You should expect to see only one PCR product per clone but a range of different sized PCR products between clones. Some clones may have been cross contaminated and will produce more than one PCR product these should not be selected for sequencing. In addition, some non recominant phage may have been picked and PCRed. The size of your non recombinant phage (wild type) PCR product will depend on the primers you used in your PCR. All clones containing cDNA inserts will have a PCR product larger than the wild type.
From your PCR products reject:
Clones with more than one PCR product.
Clones that have failed to amplify or amplified poorly to produce only faint PCR products.

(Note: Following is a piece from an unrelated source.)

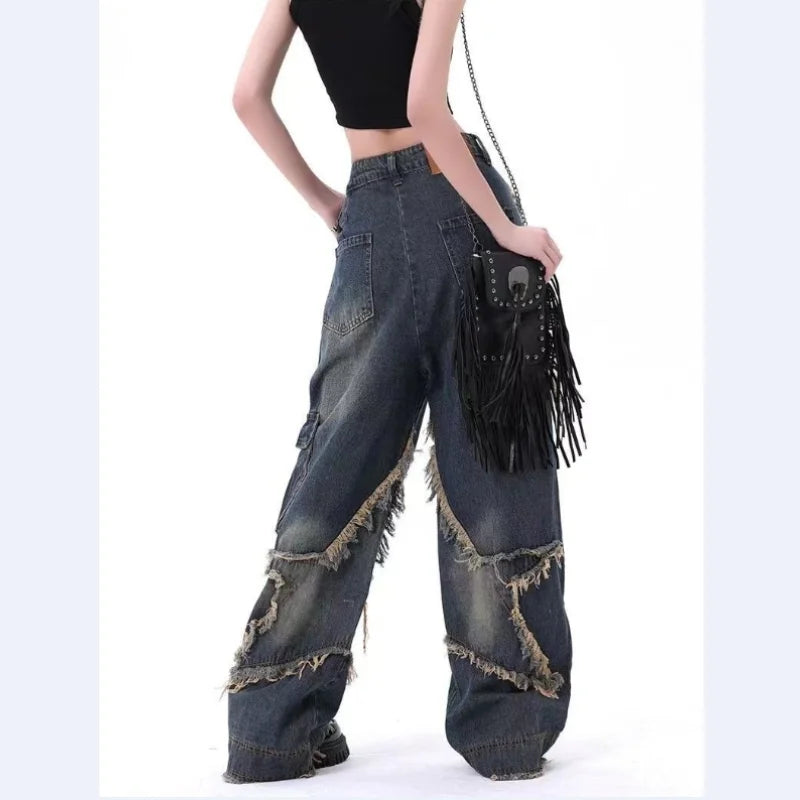 Baggy Jeans for Women Autumn/winter Korean Vintage Design Empty Star Appliqué and Faded Straight-leg Trousers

Clones with small cDNA inserts <150bp.
The PCR products selected for sequencing should be regridded to a fresh microtitre plate for cleaning and sequencing.
Footnotes
1. Hybaid Omniplates. (cat order no HB-TR3-MT)
2. 10 reaction Buffer (part M190A)
3. 25 mM MgCl 2 supplied with Taq (part A351A)
4. Promega Taq DNA polymerase 5,000units/ml (Cat no. M1661)
5. Hybaid Touchdown machine (hot lid)
6. Gel electophoresis equipment from Hybaid.